Rachel Zegler sings from the balcony
The big number comes directly after the interval. It's become a cause célèbre, but not for appropriate reasons. Unless, of course, the marketing guys planned it that way...  Certainly the column inches spent on Zegler singing from the Palladium balcony to the (horror - unpaying) crowd of adoring fans in the street outside have contributed significantly to the size of that crowd: not so much unpaying audience as unpaid extras whose numbers more than suggest the people of Argentina, gathered to hear Eva Peron's speech at her husband's inauguration. They are, of coure, Zegler's fans; but in this construct, relayed by video to the (paying) theatre audience, they become Evita's fans too, and a complex metatheatrical metaphor is established. It's all the more telling because this is the only moment in the show where Eva is dressed in the expected historical costume, and those of us in the theatre get to see her remove the spangled dress and the blonde wig in the aftermath of the big number.
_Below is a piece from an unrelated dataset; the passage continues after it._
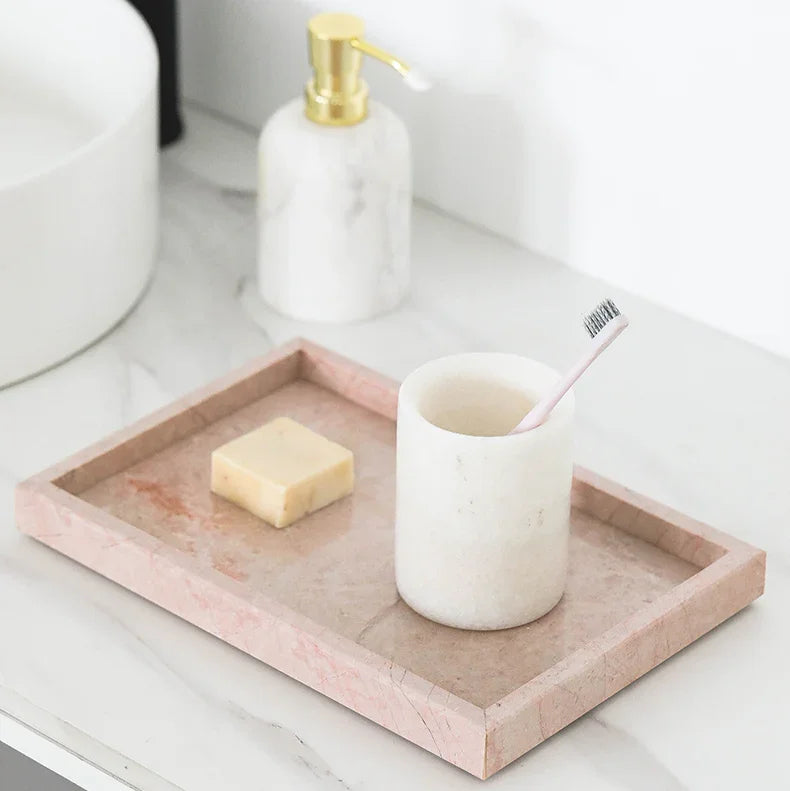 Pink Marble Tray, Hand Polished Coffee Table & Vanity Tray, 9.8-11.8in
That powerful image of Eva Peron orating from the balcony of the Casa Rosada, which later became the image of the starry musical and the hit song, is exposed as a theatrical and electonically mediated construct. And still we clap, and still we cheer.

Back in the 70s, there were two stars in the Prince production. Elaine Paige was Evita, and David Essex played opposite her as Che Guevara (they never met in real life, although Che did once write Evita a letter asking her to buy him a jeep). In those days, Che did present a form of left-wing stardom, his poster image adorning many a student wall. David Essex was perfect casting: not only for the look, but because he exuded an edgy, sexy, working-class anger. Jamie Lloyd offers no such hope: and I'm afraid he's probably right. His Che, as Andrzej Lukowski puts in in his excellent Time Out review, "assumes more of a Jiminy Cricket role": you would never know this young man with a nice voice was anything more than a slightly grumpy older brother. There is no hint of activism, never mind revolution. Charisma left the left a long time ago, and theory (of which Guevara was very aware) now insists on the collective rather than the star. Celebrity is entirely the tool of the right, and politics has become its playground. Rags to riches stories, amazing singers emerging from obscurity, these are the tools of the individualistic neoliberal narrative. 

We paid a lot to go and see a rising mega-star. The production powerfully and intelligently questioned that action. And pocketed our cash.